Peter Sykes said he was offered the film by producer Clive Exton off the back of Demons of the Mind.

Frankie Howerd later said it was "the film I enjoyed making the most... because it was a comedy thriller and I like that kind of film." He added:
"The only difficult thing about it involved swamps. It was very physically gruelling to make because I was being chased upstairs and downstairs, ran through swamps, and was generally kicked around. I had to work three days in a pit of live snakes so it was a very tough film to make. But having said that, I enjoyed making the film because it was a good part and good parts don’t come along all that often. It had a good director (Peter Sykes) and if any actor has a really good part to play then he’s happy. A comedian is always happy to have a good script he has confidence in. There is nothing worse than having a bad script, knowing it’s a bad script, and having to make the most of it.”
Filming took place at Pinewood Studios over six weeks from 6 November to 16 December 1972.
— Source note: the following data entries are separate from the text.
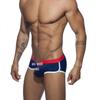 UXH Herren Farbblock Dreieck Badehose: Europäische & Amerikanische Stile, Einfarbig, Strandbikini.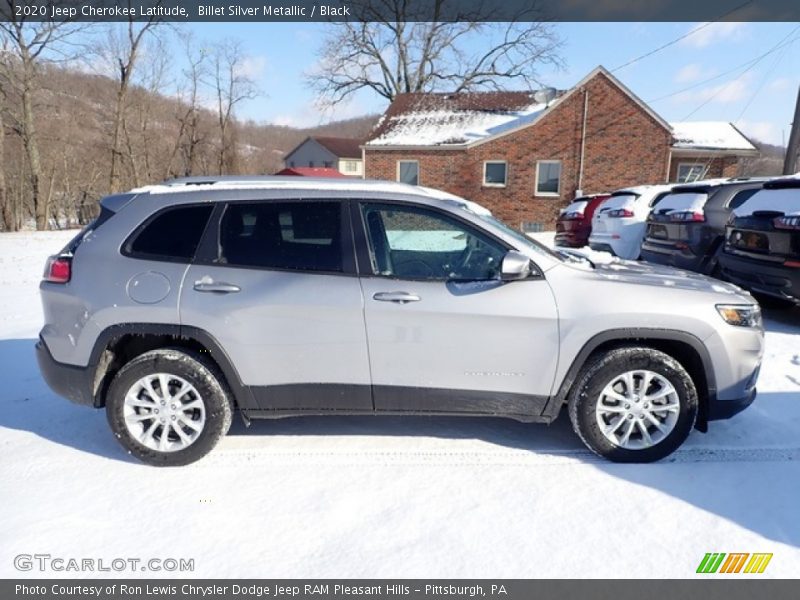 Billet Silver Metallic / Black 2020 Jeep Cherokee Latitude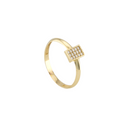 Zirconia Square Ring
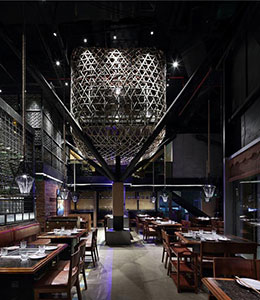 老船說火鍋店桌椅效果圖片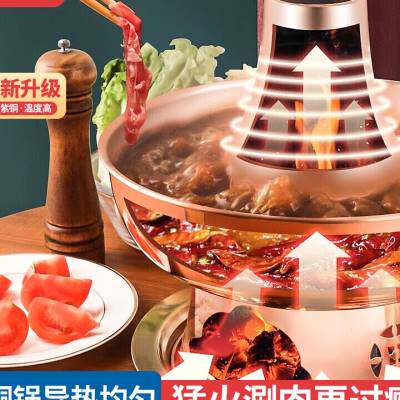 拜杰铜火锅木炭火锅加厚纯紫铜火锅锅具铜锅火锅老式纯铜火锅专用属于什么档次？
Howerd wrote in his memoirs, "the film received the first unanimously good Press I’d had for a picture in a long, long time. You expect, naturally, some divergence of opinion, but as I recall it, not one critic panned The House In Nightmare Park."
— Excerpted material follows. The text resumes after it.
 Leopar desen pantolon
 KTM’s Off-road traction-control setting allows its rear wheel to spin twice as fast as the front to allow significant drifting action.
Howerd's biographer opined that the film, while among the actor's best, "did not, however, change the course of his career. It did not spirit him off from Cricklewood to Hollywood. It amounted to nothing more, but also nothing less, than an intriguing and rather engaging interlude before he resumed his regular work in other, more familiar, media."

==Critical reception==
The Monthly Film Bulletin wrote: "The House in Nightmare Park shows every sign of having been put together with intelligence and polish. The film is elegantly photographed, and the minor comic characters are all effective within certain limits; but despite the care that has evidently gone into the production, it never successfully resolves the central discrepancy between Frankie Howerd's vaudevillian technique and the Gothic setting in which he is placed. The two elements co-exist uneasily for the first twenty minutes and then begin to clash, most noticeably at the climax, where one is frequently being asked to accept Howerd as an amiable hero figure, with the result that the action simply degenerates into farce. ... Consequently, the comedian's presence swamps the production. And despite all the makers' efforts to create a solid and exciting framework in which he can operate, it's difficult to see how it could have been otherwise. The film remains above average as a comedy vehicle but, considering its highly talented production team, it could have been much more."

Leslie Halliwell said: "Standard creepy house comedy thriller, well enough done though it would have been better with Bob Hope."

The Guardian said the filmmakers "obviously tried for more than the routine comedy and have, at least in part, succeeded."